__Problem description__
The records must be returned word for word.

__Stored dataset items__
----

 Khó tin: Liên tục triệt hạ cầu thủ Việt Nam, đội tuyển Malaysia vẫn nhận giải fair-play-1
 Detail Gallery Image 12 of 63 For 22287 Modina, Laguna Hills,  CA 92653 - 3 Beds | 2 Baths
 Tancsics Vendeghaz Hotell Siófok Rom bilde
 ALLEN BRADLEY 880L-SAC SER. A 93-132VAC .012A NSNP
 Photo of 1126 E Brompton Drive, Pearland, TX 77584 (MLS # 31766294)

----

__Response area__
 Khó tin: Liên tục triệt hạ cầu thủ Việt Nam, đội tuyển Malaysia vẫn nhận giải fair-play-1
 Detail Gallery Image 12 of 63 For 22287 Modina, Laguna Hills,  CA 92653 - 3 Beds | 2 Baths
 Tancsics Vendeghaz Hotell Siófok Rom bilde
 ALLEN BRADLEY 880L-SAC SER. A 93-132VAC .012A NSNP
 Photo of 1126 E Brompton Drive, Pearland, TX 77584 (MLS # 31766294)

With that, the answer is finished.